Thursday 25 June 2015
6:00pm – 7:00pm
Poetry Reading: One More Civil Gesture — with C. E. J. Simons
Drinks reception: 7:00pm – 8:00pm
13/14 Cornwall Terrace (Outer Circle), London NW1 4QP
Organised by The Daiwa Anglo-Japanese Foundation
By C. E. J. (Christopher) Simons
Published by Isobar Press
The poems in One More Civil Gesture, the first full collection of poetry by C. E. J. Simons, were written in Japan, where he has lived since 2006. The book contains poems inspired by Japan, and also by frequent travel in Burma, China and Mongolia. Other poems in the book have been influenced by the literature and landscapes of Britain and Canada, Simons’ native countries.

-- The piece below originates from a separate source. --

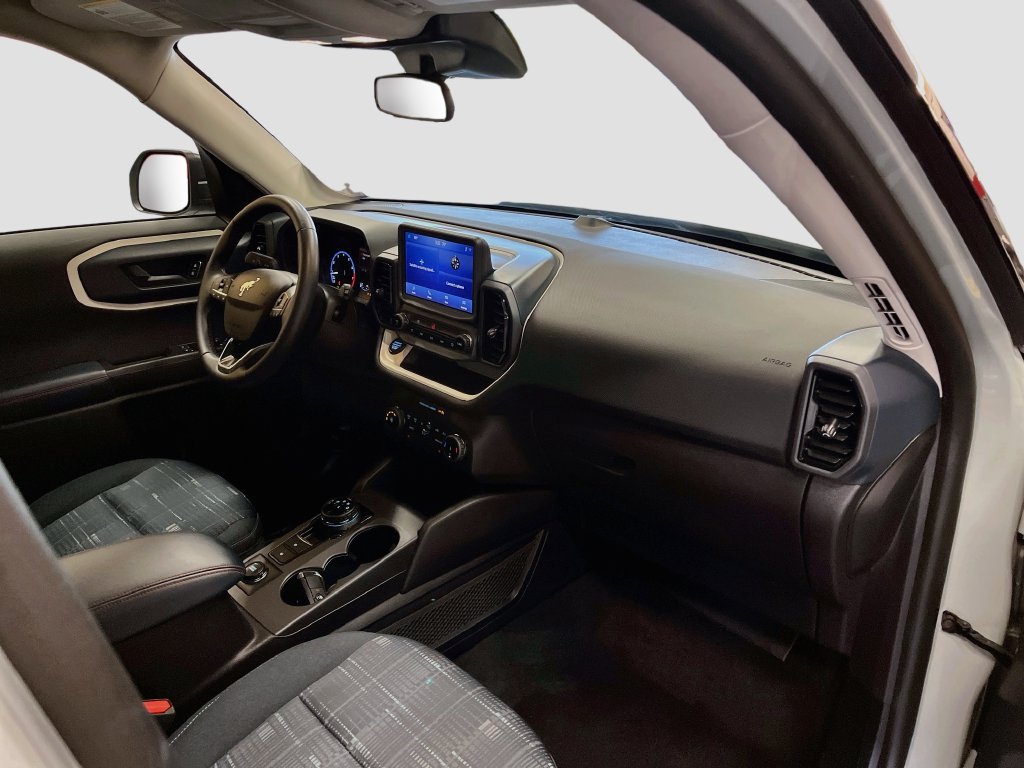 Used 2024 Ford Bronco Sport Heritage w/ Heritage Convenience Package AWD/4WD image 27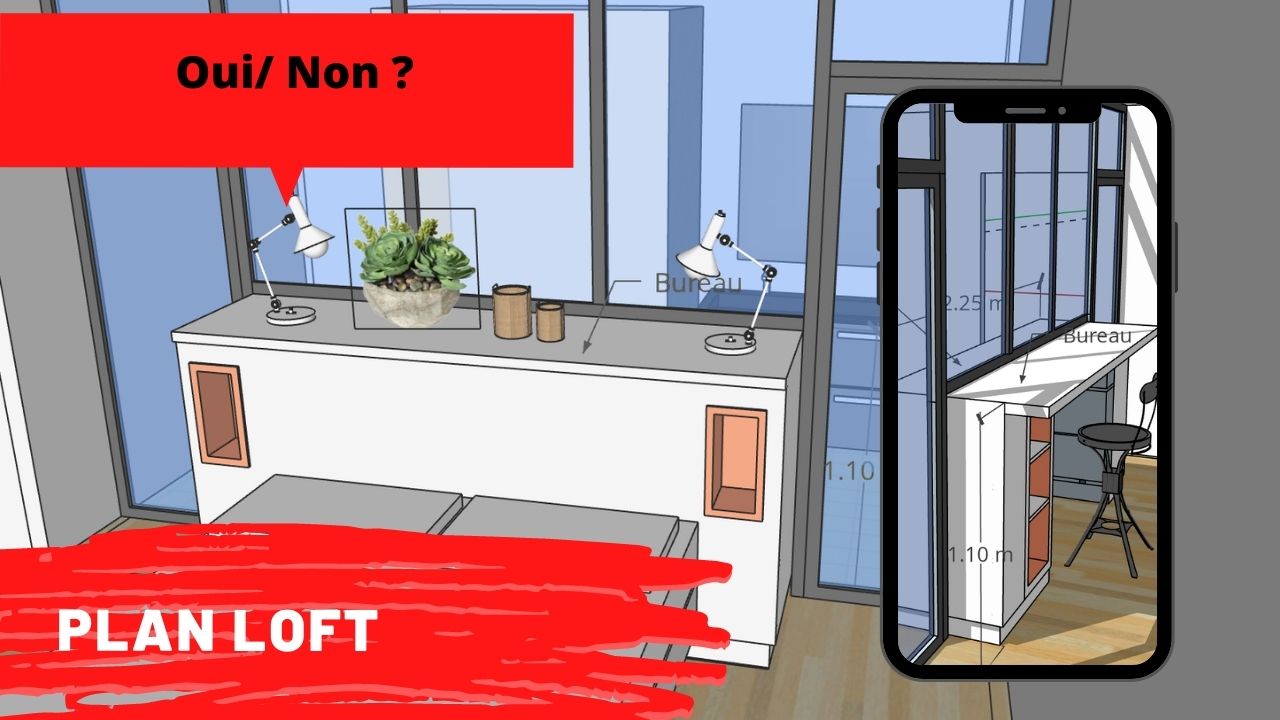 plan loft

Poems in the collection frequently take their subjects from singularities of nature and art – things that are wonderful not because they are unusual or rare, but because they deserve wonder: animal life; the seasons; family; myth; well-known Shakespeare plays. The gestures of these poems are ‘civil’ in two senses: in their bold and exciting use of inherited forms, whether Western or Japanese; and in their aspiration to eschew self-expression in search of representations of the human capacity to engage with the other – to be civilised through immersion in the unknown.

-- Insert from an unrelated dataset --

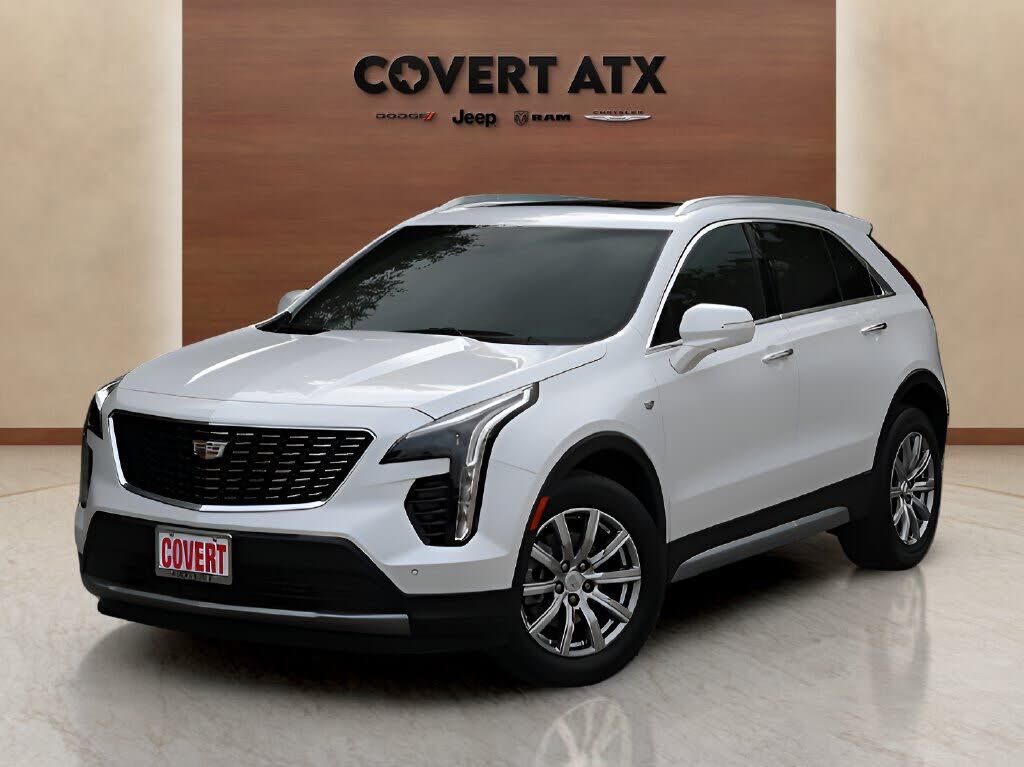 2023 CADILLAC XT4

Professor Simons read from the new book and discuss the capabilities and challenges of contemporary formal verse poetry, including the use of verse forms inherited from English and Japanese literature. Simons also read some work from his other books, and from the works of poets who have influenced the development of the poems in the book—poets such as Shakespeare, Keats, W. B. Yeats, Elizabeth Bishop, and Paul Muldoon.
About the contributors

C. E. J. (Christopher) Simons
C. E. J. (Christopher) Simons is Senior Associate Professor of British Literature at International Christian University (ICU), Tokyo. He holds a DPhil in British Romanticism from Lincoln College, Oxford, and in 2003 he held the Harper-Wood Studentship in Creative Writing at St John’s College Cambridge. He has published on Wordsworth, Shakespeare, Yeats, Emily Dickinson, and Sylvia Plath, most recently contributing a chapter to the Oxford Handbook of William Wordsworth (Oxford University Press, 2015). He has previously published two poetry pamphlets with wordwolf press: Progress Bar (2010) and No Distinguishing Features (2011). His poems have won prizes in major UK competitions, including the Cardiff International Poetry Competition and the Wigtown Competition. His criticism and poetry have appeared in publications including the Independent, Isis, Magma, Oxford Poetry, PN Review, and The Times Literary Supplement.